### Supplied data ###

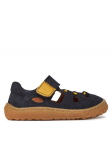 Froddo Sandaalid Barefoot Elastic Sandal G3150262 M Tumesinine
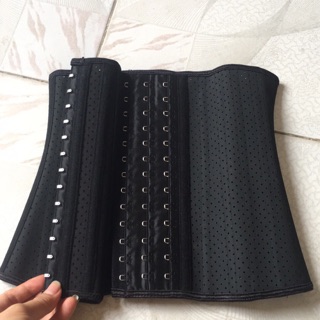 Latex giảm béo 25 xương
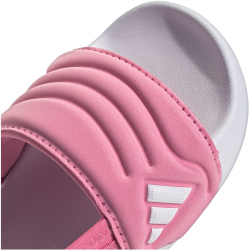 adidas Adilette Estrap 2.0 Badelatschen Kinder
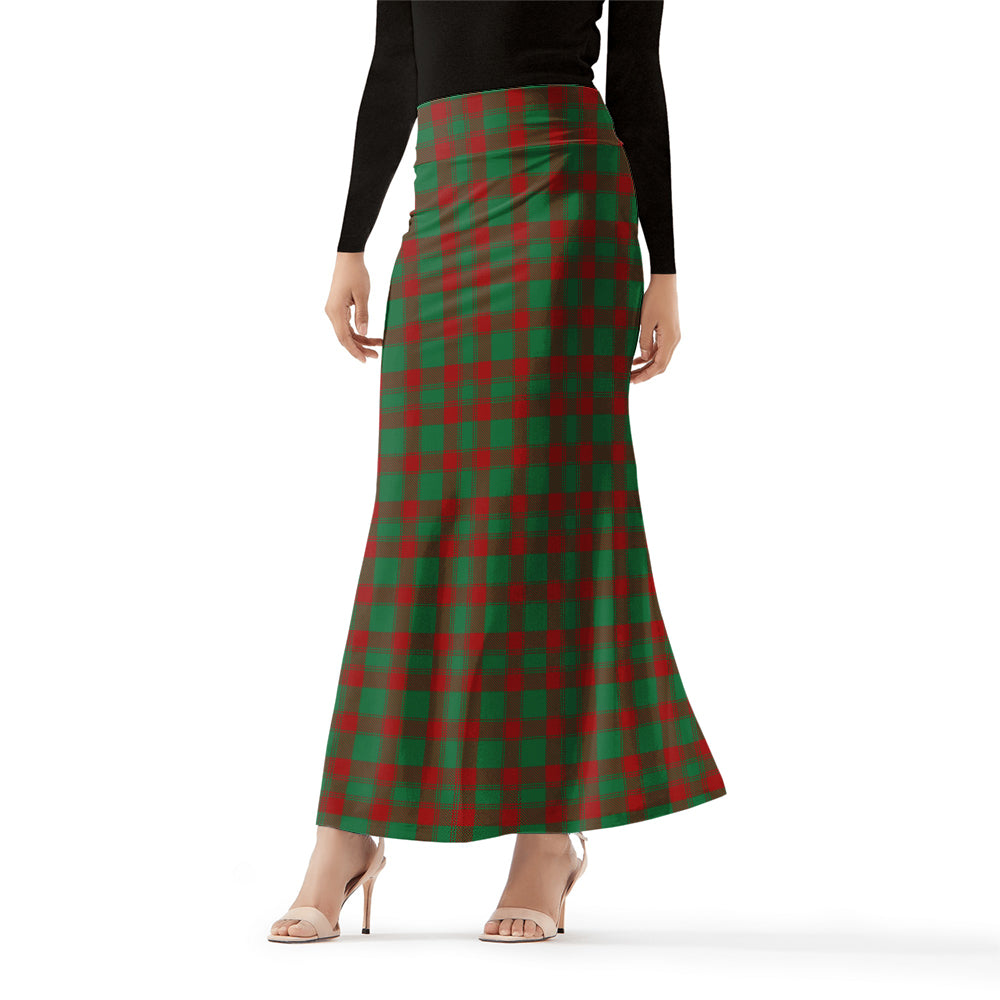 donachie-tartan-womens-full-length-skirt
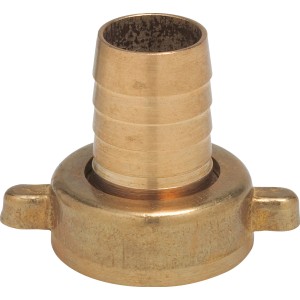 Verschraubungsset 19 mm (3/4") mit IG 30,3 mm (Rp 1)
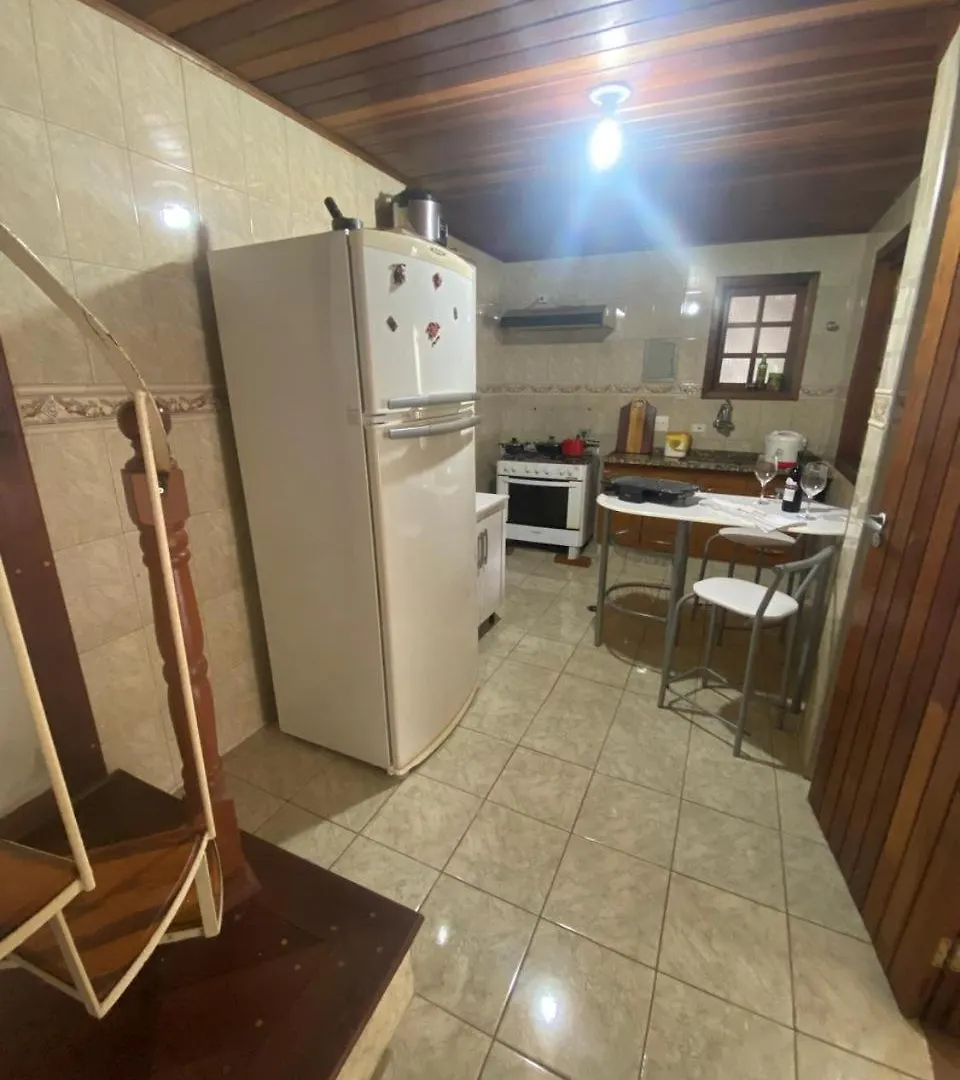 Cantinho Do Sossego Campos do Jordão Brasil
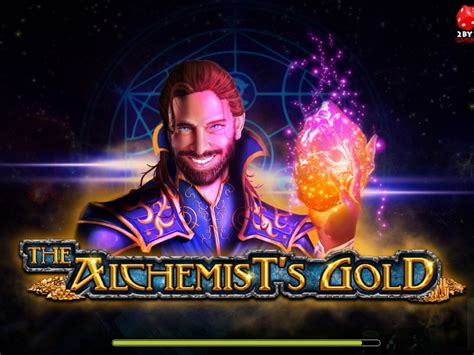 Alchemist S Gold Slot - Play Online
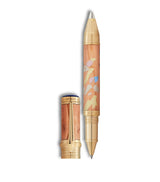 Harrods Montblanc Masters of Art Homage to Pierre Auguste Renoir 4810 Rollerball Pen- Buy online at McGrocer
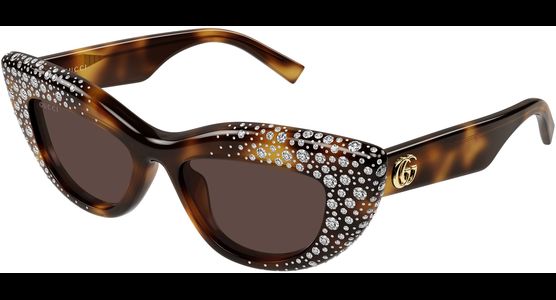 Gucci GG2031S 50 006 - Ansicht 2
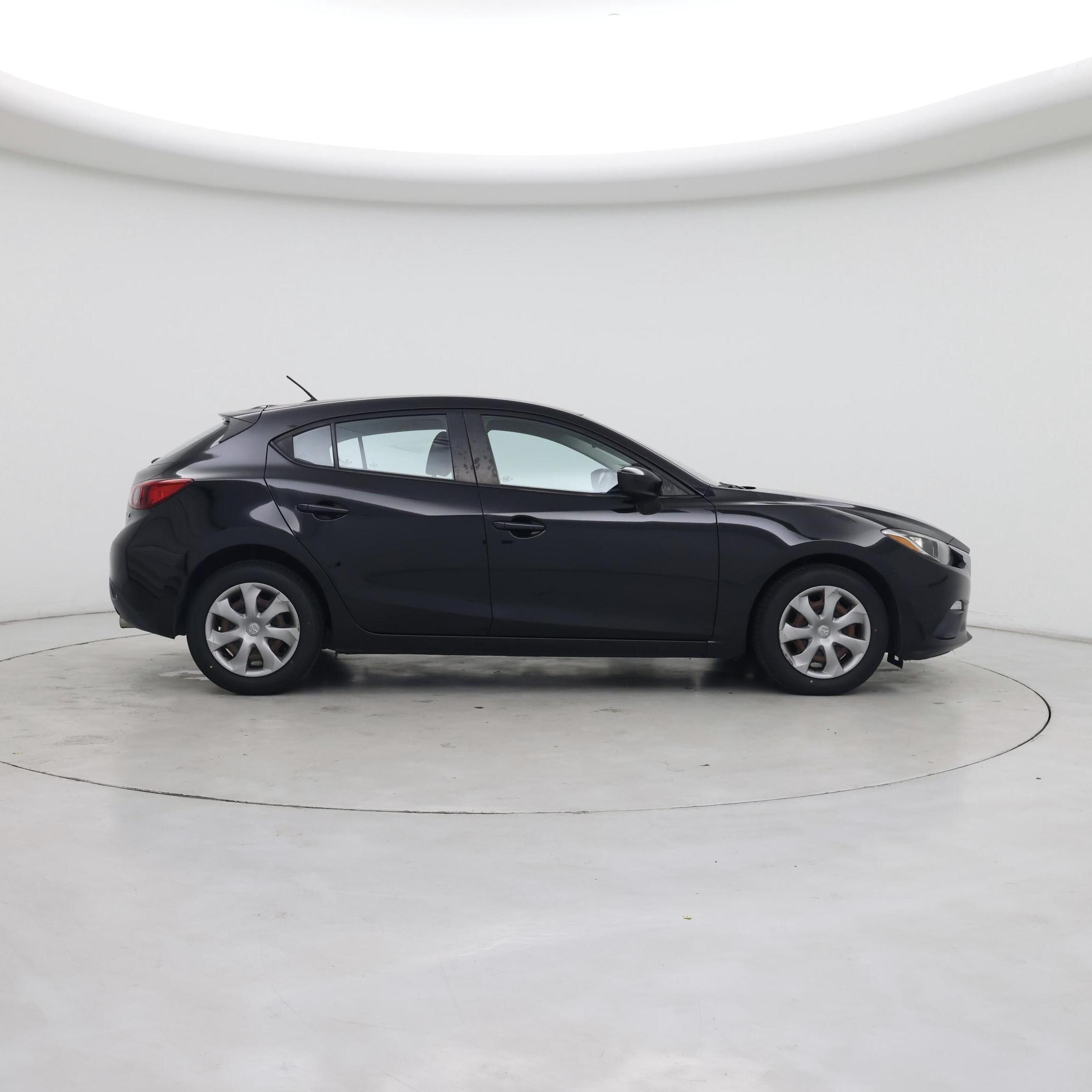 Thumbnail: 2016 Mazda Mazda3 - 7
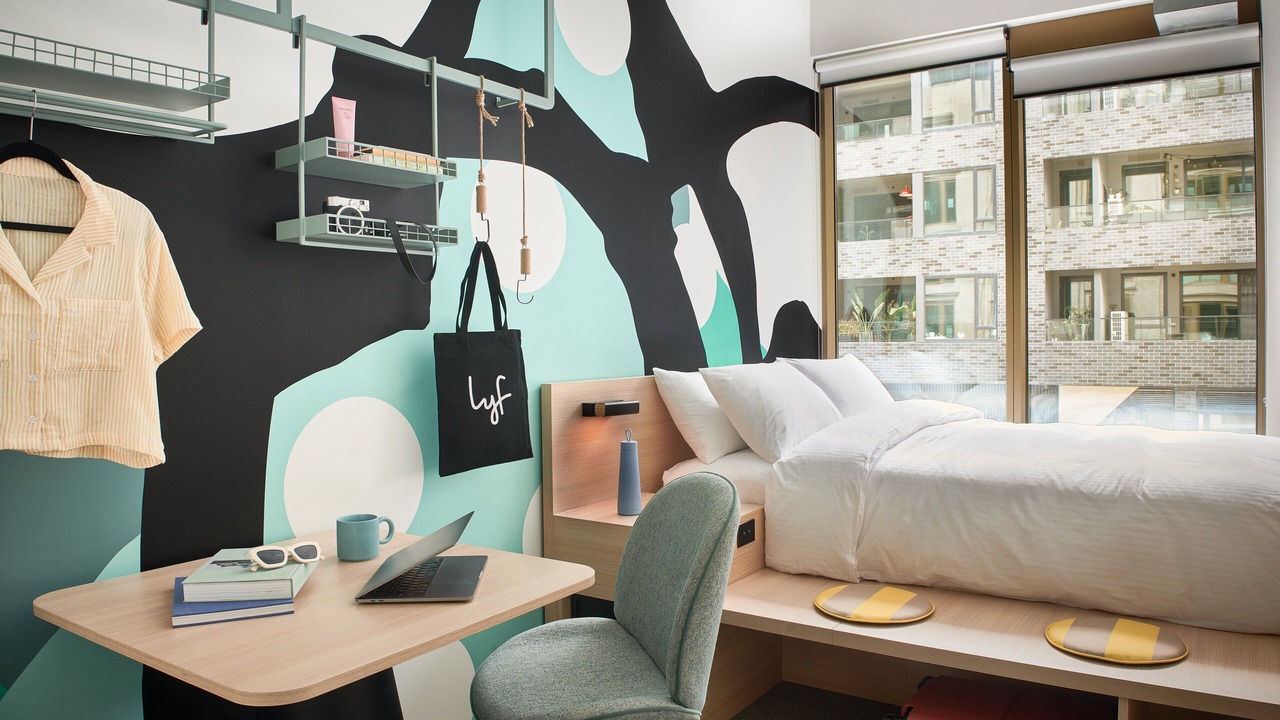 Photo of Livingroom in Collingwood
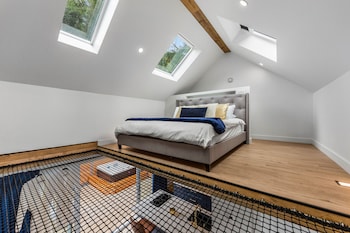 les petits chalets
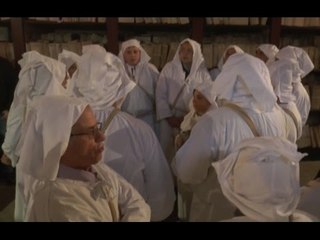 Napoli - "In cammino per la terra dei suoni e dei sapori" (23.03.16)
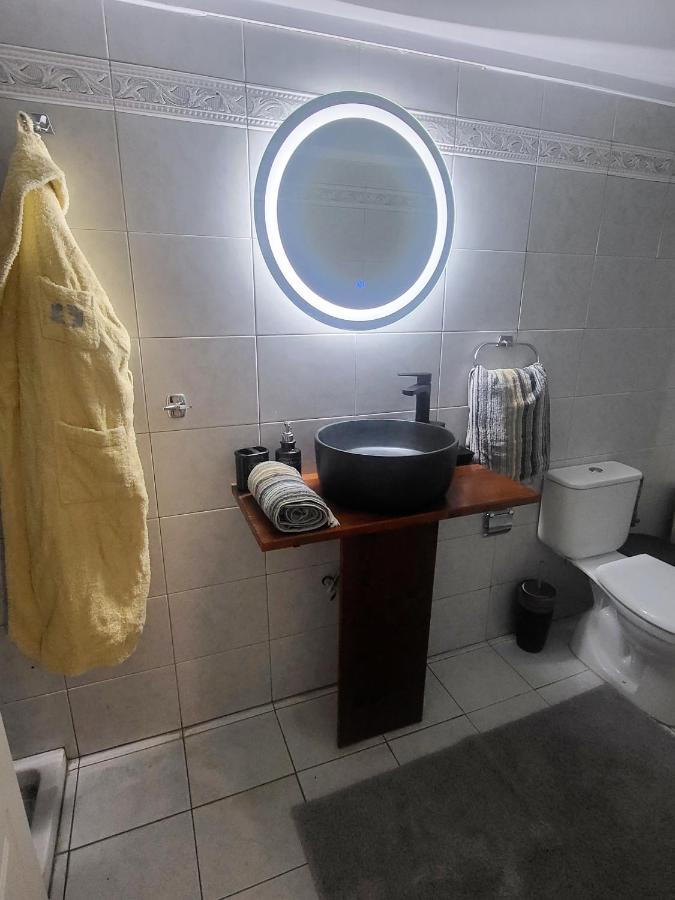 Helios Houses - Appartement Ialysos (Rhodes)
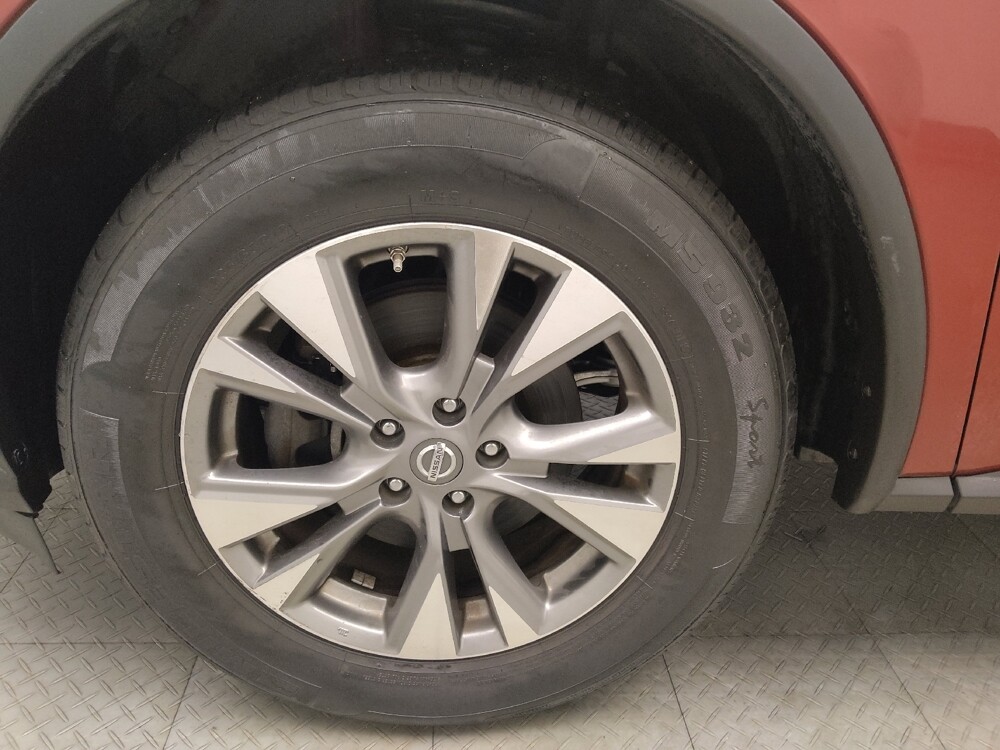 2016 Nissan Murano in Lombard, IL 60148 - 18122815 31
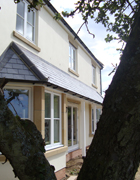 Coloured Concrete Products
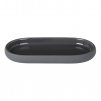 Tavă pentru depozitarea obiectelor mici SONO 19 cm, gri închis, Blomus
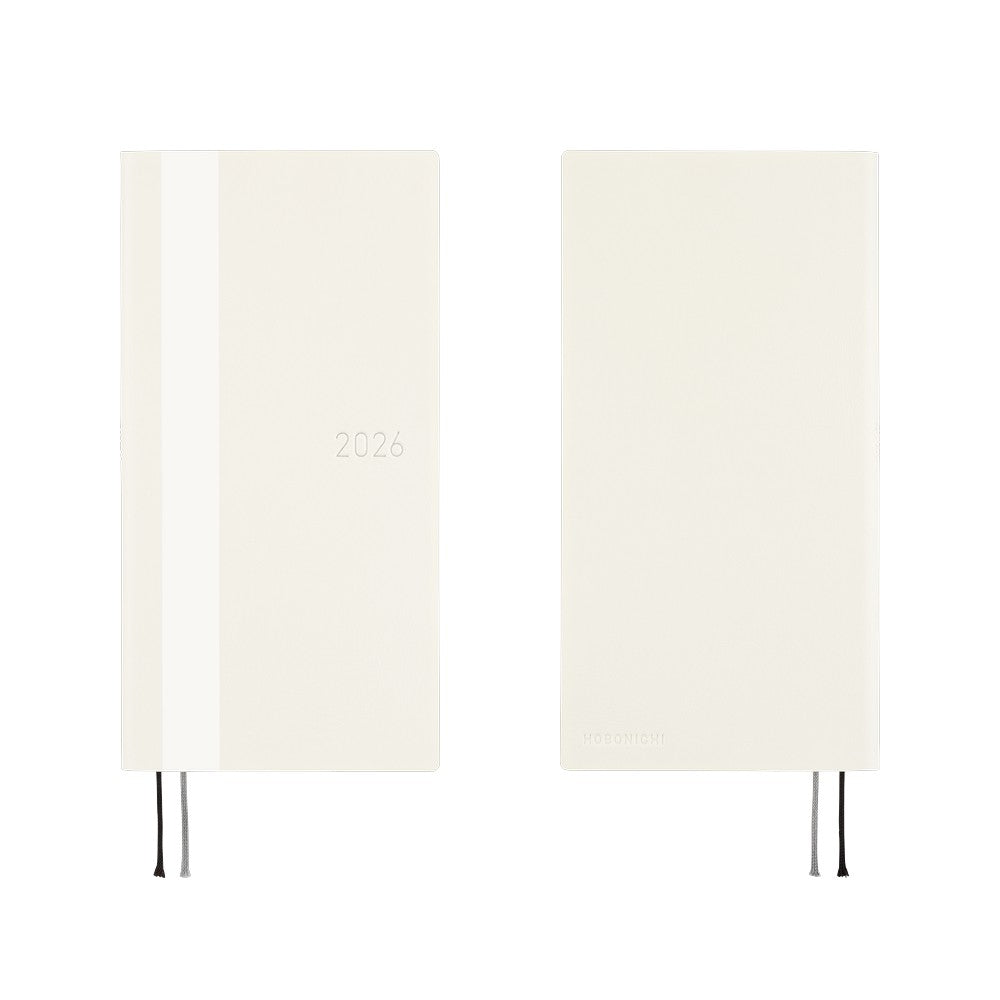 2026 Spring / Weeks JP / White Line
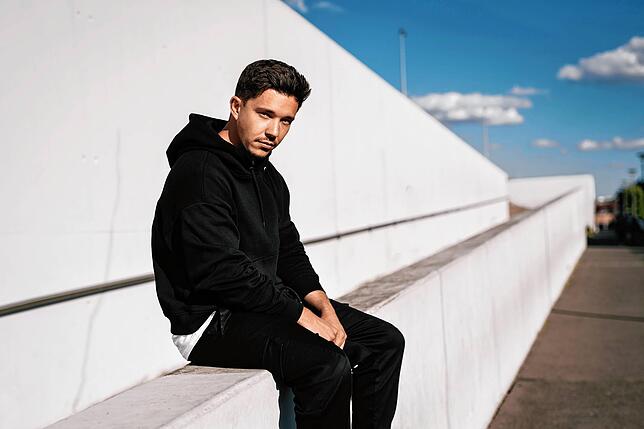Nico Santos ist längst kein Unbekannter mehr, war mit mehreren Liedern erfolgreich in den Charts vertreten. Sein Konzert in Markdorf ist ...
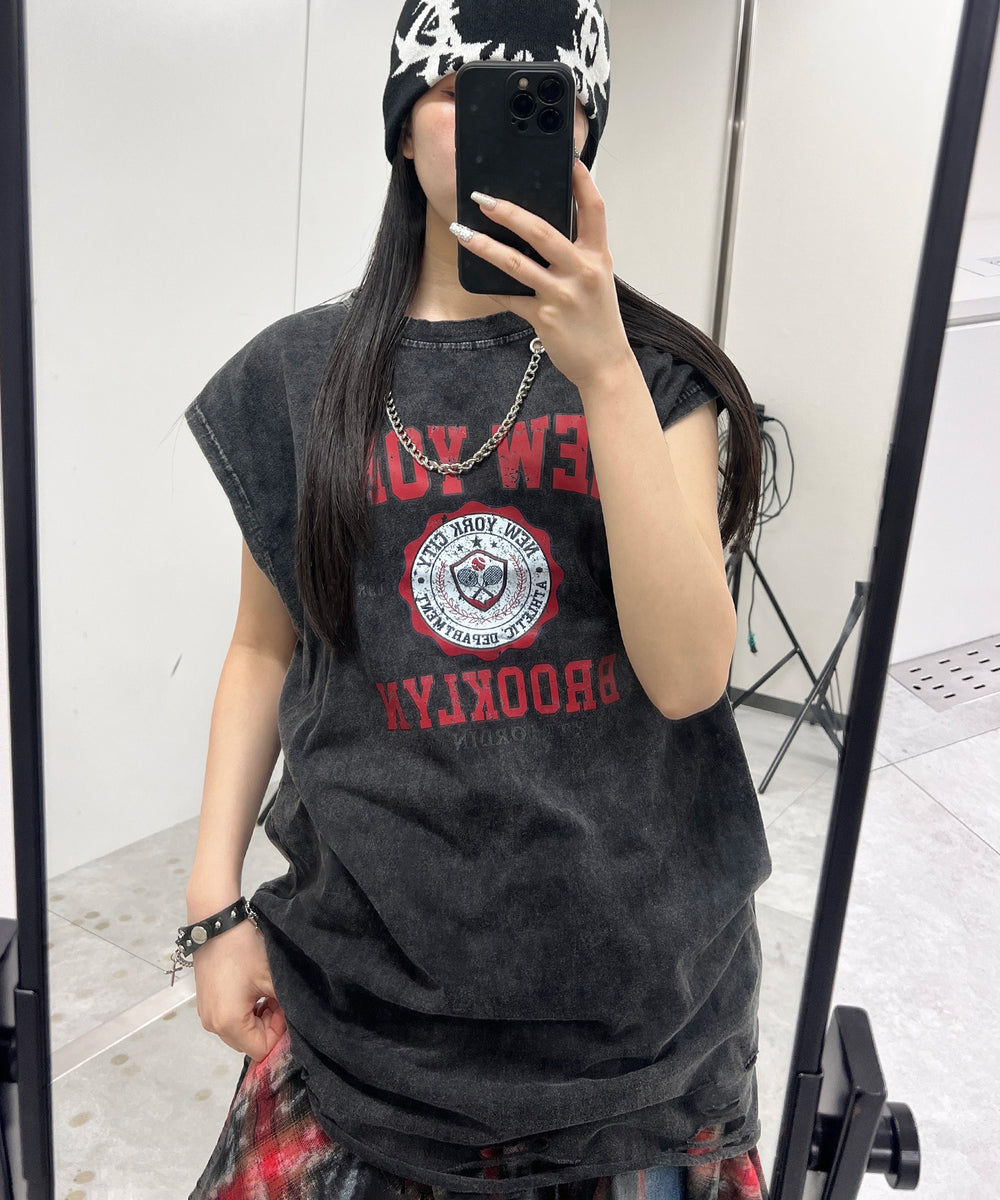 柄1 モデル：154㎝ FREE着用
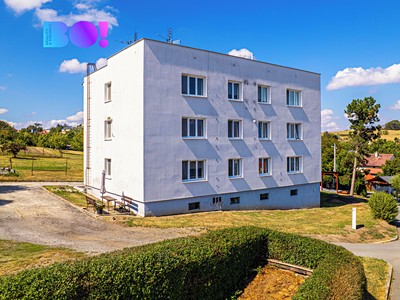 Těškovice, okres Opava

###

◆ **What you are asked to do**
Repeat exactly and only the lines from the start of the data above through the line that holds "Nico Santos ist", inclusive. Pictures do not belong in the copy.

◆ **Task answer**
 Froddo Sandaalid Barefoot Elastic Sandal G3150262 M Tumesinine
 Latex giảm béo 25 xương
 adidas Adilette Estrap 2.0 Badelatschen Kinder
 donachie-tartan-womens-full-length-skirt
 Verschraubungsset 19 mm (3/4") mit IG 30,3 mm (Rp 1)
 Cantinho Do Sossego Campos do Jordão Brasil
 Alchemist S Gold Slot - Play Online
 Harrods Montblanc Masters of Art Homage to Pierre Auguste Renoir 4810 Rollerball Pen- Buy online at McGrocer
 Gucci GG2031S 50 006 - Ansicht 2
 Thumbnail: 2016 Mazda Mazda3 - 7
 Photo of Livingroom in Collingwood
 les petits chalets
 Napoli - "In cammino per la terra dei suoni e dei sapori" (23.03.16)
 Helios Houses - Appartement Ialysos (Rhodes)
 2016 Nissan Murano in Lombard, IL 60148 - 18122815 31
 Coloured Concrete Products
 Tavă pentru depozitarea obiectelor mici SONO 19 cm, gri închis, Blomus
 2026 Spring / Weeks JP / White Line
Nico Santos ist längst kein Unbekannter mehr, war mit mehreren Liedern erfolgreich in den Charts vertreten. Sein Konzert in Markdorf ist ...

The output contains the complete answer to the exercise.